One Inbox per Attempt Is the Rule That Stops Flakes

Email-related flakes usually look like timing problems. A test waits 20 seconds and still misses the OTP. A signup retry clicks an expired link. A parallel CI job consumes the wrong verification email. An LLM agent sees two matching messages and chooses the stale one.

The fix is often simpler than adding longer sleeps or smarter regexes: create one inbox per attempt.

Not one shared mailbox. Not one address per environment. Not even always one inbox per test file. One inbox for the exact attempt that will trigger, wait for, and consume the email artifact. When that attempt is retried, create a new inbox.

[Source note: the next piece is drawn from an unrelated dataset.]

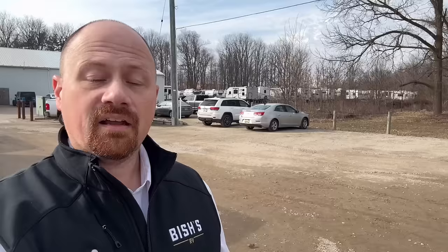Regarding pin boxes: don't use a non-approved pin box. But how do you know what's approved? Get your RV's VIN number — your salesperson should be able to get you that, and if a salesperson won't even get you a VIN number, find a new one. Call your RV's manufacturer and ask: 'With this VIN number, am I approved to use any other pin boxes?' You can do this before you buy the RV, and that may be an important factor in your purchase decision. A lot of people never knew that was a thing you could do.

That rule turns email from a messy shared resource into a scoped event stream. It gives your QA harness, CI pipeline, or agent workflow a clean boundary: every message in this inbox belongs to this attempt, and nothing from a previous attempt can be selected by accident.

What “one inbox per attempt” actually means

An attempt is a single end-to-end try at completing an email-dependent operation. It starts before the system sends an email and ends when the artifact from that email is consumed, times out, or the flow is abandoned.

For example, in a signup verification test, the attempt begins when your test provisions the temporary inbox and submits the signup form. It ends when the OTP or magic link has been extracted and used, or when the wait deadline expires.

Workflow	Attempt boundary	New inbox when…
Signup verification	Create account, receive verification email, submit code or link	The signup is retried from the beginning
Password reset	Request reset, receive reset email, use token	The reset request is restarted
Magic-link login	Submit email, receive login link, open link	The login flow is restarted
LLM agent signup task	Agent requests inbox, uses address, waits for artifact	The agent retries the task or starts a new session
Parallel CI test	Test case provisions inbox, triggers mail, asserts result	The test case is retried by the runner

The important detail is that retries are not just repeats of the same logic. They are new attempts with their own state. If a retry reuses the same inbox, it inherits old messages, late deliveries, duplicate webhooks, and consumed artifacts from the previous try.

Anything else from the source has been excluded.